„Nicht sehr verbraucherfreundlich“: EU schränkt Fahrgastrechte bei Zug-Verspätungen ein
Künftig können sich Bahnunternehmen häufiger auf "höhere Gewalt" berufen und müssen den Kunden bei Verspätung nicht mehr entschädigen. Doch es gibt viel Kritik.

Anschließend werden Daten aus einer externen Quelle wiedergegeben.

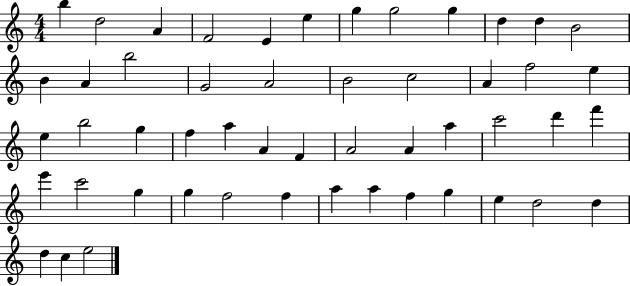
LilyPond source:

{
  \clef treble
  \numericTimeSignature
  \time 4/4
  \key c \major
  b''4 d''2 a'4 | f'2 e'4 e''4 | g''4 g''2 g''4 | d''4 d''4 b'2 | \break b'4 a'4 b''2 | g'2 a'2 | b'2 c''2 | a'4 f''2 e''4 | \break e''4 b''2 g''4 | f''4 a''4 a'4 f'4 | a'2 a'4 a''4 | c'''2 d'''4 f'''4 | \break e'''4 c'''2 g''4 | g''4 f''2 f''4 | a''4 a''4 f''4 g''4 | e''4 d''2 d''4 | \break d''4 c''4 e''2 | \bar "|."
}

Bahnfahrer müssen sich darauf einstellen, dass sie bei dem Streit um die Erstattung von Fahrtkosten nach Verspätung in Zukunft häufiger leer ausgehen. Wenn der Zug über 60 Minuten Verspätung hat und das Bahnunternehmen eigentlich einen Teil des Fahrpreises erstatten müsste, wird es sich ab 2024 auf die Ausnahmeklausel „höhere Gewalt“ berufen können. In diesem Fall ginge der Fahrgast leer aus.
Nach geltender Rechtslage muss die Bahn entschädigen, selbst wenn die Züge durch einen Suizid, schlechtes Wetter, Streik, umgefallene Bäume oder Tiere auf den Schienen ausgebremst werden. Künftig kann sich das Unternehmen auf „höhere Gewalt“ berufen und käme um eine Entschädigung des Kunden herum.
Diese Verschlechterung bringt der Kompromiss zwischen EU-Mitgliedstaaten und Europa-Parlament mit sich, der am Donnerstag vom Parlament abgesegnet wurde. Es bleibt ansonsten bei der bisherigen Regelung, dass ein Bahnunternehmen bei Verspätungen ab 60 Minuten 25 Prozent des Fahrpreises erstatten muss und ab 120 Minuten die Hälfte. Das Europa-Parlament war mit der Forderung in die Verhandlungen gegangen, zwischen 60 und 90 Minuten die Hälfte des Fahrpreises erstatten zu lassen und ab 91 Minuten 75 Prozent. Es konnte sich damit aber nicht gegenüber den Mitgliedstaaten durchsetzen.
Klärung über den EuGH
Die Unzufriedenheit im Parlament ist groß. Verkehrsexperte Markus Ferber (CSU) nannte die Regelung im Vorfeld „nicht glücklich und nicht sehr verbraucherfreundlich“. Er gehe davon aus, dass Verbraucher vor den Europäischen Gerichtshof (EuGH) ziehen und über den Rechtsweg Klärungen herbeiführen: „Der EuGH dürfte dann dafür sorgen, dass die Verbraucher besser geschützt werden als die Regierungen der Mitgliedstaaten bereit waren mitzutragen.“
Die Stuttgarter Grünen-Abgeordnete Anna Deparnay-Grunenberg kritisiert die „Rolle rückwärts“ bei den Rechten für Bahnfahrer: „Der Kompromiss verfehlt das Ziel, die Eisenbahn als nachhaltigen Verkehrsträger mit starken Fahrgastrechten attraktiver zu machen.“ Die Schlechterstellung bei Verspätungen sei gerade im Europäischen Jahr der Schiene inakzeptabel. Trotz der Kritik von Konservativen und Grünen dürfte der Kompromiss eine Mehrheit bekommen.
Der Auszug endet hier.